Osesame · April 15, 2003

Re: System development The problem I find with this type of analysis is that all teams are different.....back to my fingerprint idea for each team......see the results for Chelsea in derbies thread. +5pts for team A will probably mean something different than for the rest of the teams in a particular league.It will almost certainly not be transferable to a different league in the same country.As for transferring a system of numerical data from one country to another imho it is a waste of time. You also will need to separate home and away form. Good fortune with what you are doing though, but I think I have been where you are now many times before

Joe · April 15, 2003

Re: System development There's no way to elimate all the fluctuations, no matter how good your rating system - there is simply too much variabilty in football results. Your straight line represents the best fit relationship between your ratings and probability of result. Unfortunately, if there is too much variability arround this line, it's unlikely to provide you with a profitable betting system. The key then is to develop a system that eliminates as much of the variability/fluctuation as possible.

April 15, 2003

Re: System development Hi Lucas, just a few ideas.

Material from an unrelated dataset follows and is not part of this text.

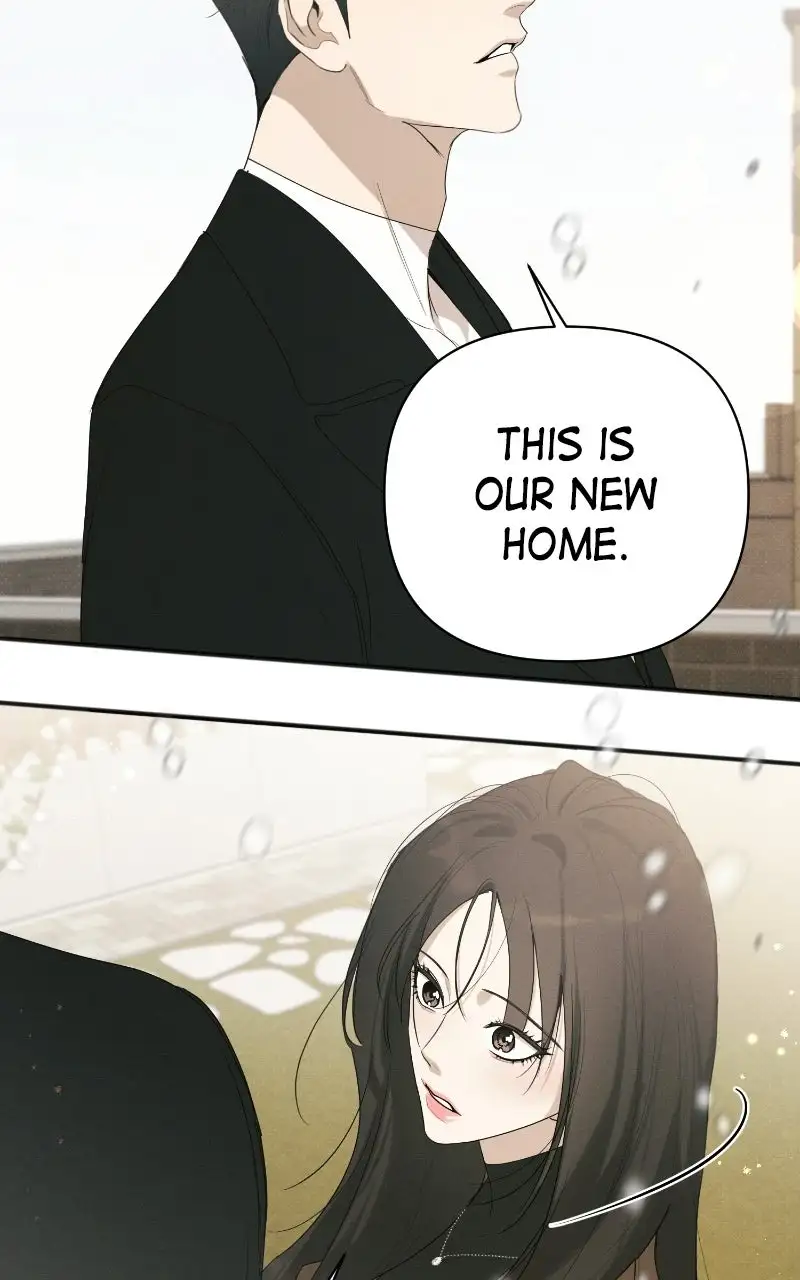 Perfect Contract Chapter 83 page 72 - 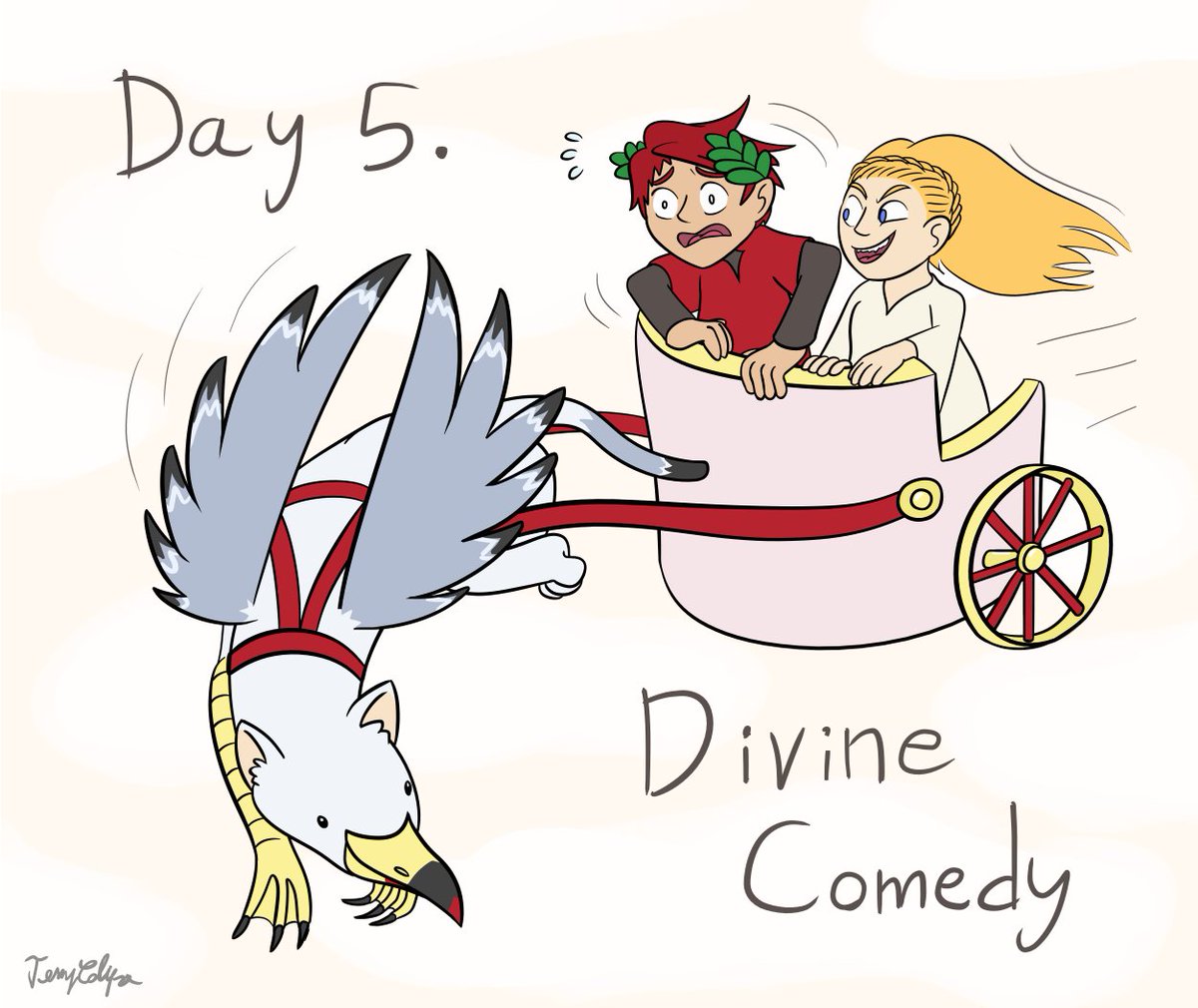 cyclistofguilt's tweet photo. Gooberinomcgee's #beabatoweek entries day 5, 6, 7 https://t.co/0BQay42Nj2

The relationship may not be entirely linear especially at the extremes.Most regression software can give you a line of best fit,which won't always be linear. Your fluctuations may be real. Agree with Mick,you will probably find an excellent correlation between your ratings differences & actual win/lose/draw percentages,but the odds on offer won't allow a profit. I would guess that by far the weakest correlation will be for the draw.At the moment in the Premiership,Man U(top),Charlton(middle) & Sunderland(bottom) have each drawn 7 games,showing that there's less correlation with a team's ability for draws compared to wins.There could also be a larger amount of random chance involved that carn't be eliminated. You will probably end up with an equation that predicts very similar draw percentages for each and every team. Might be worth trying multiple regression where you add one or more variables to the equation,but that procedure can get very involved especially if those new variables that you chose are themselves correlated. W.

April 15, 2003

Re: System development Hi Lucas, a few more ideas. you might want to give more weight to the most recent results. As I understand your post a series of points that go 3,3,1,0,0 with the most recent last,would be no different to a series that went 0,0,1,3,3. It's probably not too important if you are only going back 5 games,but generally the more games you include the better your regression line.For one thing you reduce the risk of basing your conclusions on a team playing 5 poor opponents. Here's a quick method(it's not exactly the procedure that you are using,but it's close) The previous season a team got 57 points in 38 games.They therefore averaged 1.5 points per game. In the first game of a new season they win(3 points). You could add 57+3 and divide by 39=1.538 OR you could add 97% of 1.5 to 3% of 3 = 1.545,which gives more weight to the most recent result. The 97/3 mix can be changed for the first few games of a season if you think the ability of the team has greatly altered from previously. If you carry on like this you continue to give more relevance to the most recent result. Works particularly well if you use goals scored & conceded instead of points awarded. W.

April 16, 2003

Re: System development Thank you all for your helpful remarks. The major problem for me at the beginning was to learn what a "linear regression" is:o . After I found an explanation in the net and finished off my brain trying to comprehend it, I realized there must be such a function in Excel. However, it was far from the end of my problems, since this Excel thing seems to grow coplicated the more I analyse its options. The "linear regression" function( REGLINP in my Excel) turns back a strange value with which I don't know what to do in order to recive an equation Mick talked about. Yes, I know I am a dumbass. Please, help. Weststander wrote:

Might be worth trying multiple regression...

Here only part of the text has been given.